One of Canada's most prominent environmentalists, David Suzuki, is wading into the debate over the protection of Yukon's Peel River watershed.

Suzuki is taking part in a canoe trip this week in the Peel River region, a 67,000-square kilometre wilderness area in northeast Yukon.


The Peel Watershed Planning Commission's final report, issued last week, called for 80 per cent of the central Yukon wilderness area to be protected from development. ((CBC))

Before embarking on his trip, Suzuki told reporters in Whitehorse that he is glad the Peel Watershed Planning Commission is calling for most of the area to be protected from industrial development, including mineral staking.

The commission's work in developing a land-use plan for the Peel River watershed has sparked public debate since 2009, when it first proposed that 80 per cent of the region should be withdrawn from development.
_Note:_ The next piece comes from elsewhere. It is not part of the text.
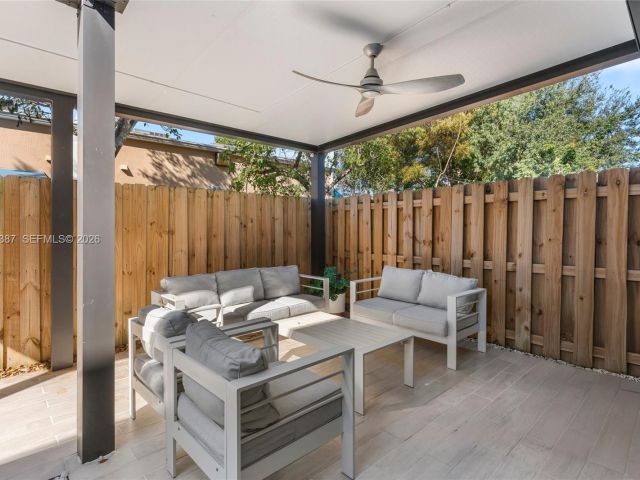 3-bedroom home for sale in Homestead - 28742 SW 134th Ct - MondialRealty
The commission has maintained the same recommendation in its final report, released earlier last week.

"I know that it's a time to congratulate the committee that has released its report, recommending protection of 80 per cent of the Peel. I wish it could be 100 per cent," Suzuki said on Friday.

"What we need is large intact areas as a hedge against our ignorance. And to me, the Peel represents that."

Consultations expected this fall

The Yukon government and the territory's First Nations have the final say in the proposed plan. Public consultations are expected to be held this fall.

While the Peel Watershed Planning Commission has kept its original recommendation of protecting 80 per cent of the area, it now says 55 per cent of that land should be protected permanently, while the rest could be reviewed in the future.

But while environmental groups and First Nations have called for 100 per cent of the region to be declared off-limits to development, those who want to explore for minerals in the area say 80 per cent is too much.

"So long as the Yukon government or the B.C. government or the Canadian government thinks the economy is the highest priority [and] everything else must be subordinate to that, we're hooped!" Suzuki said.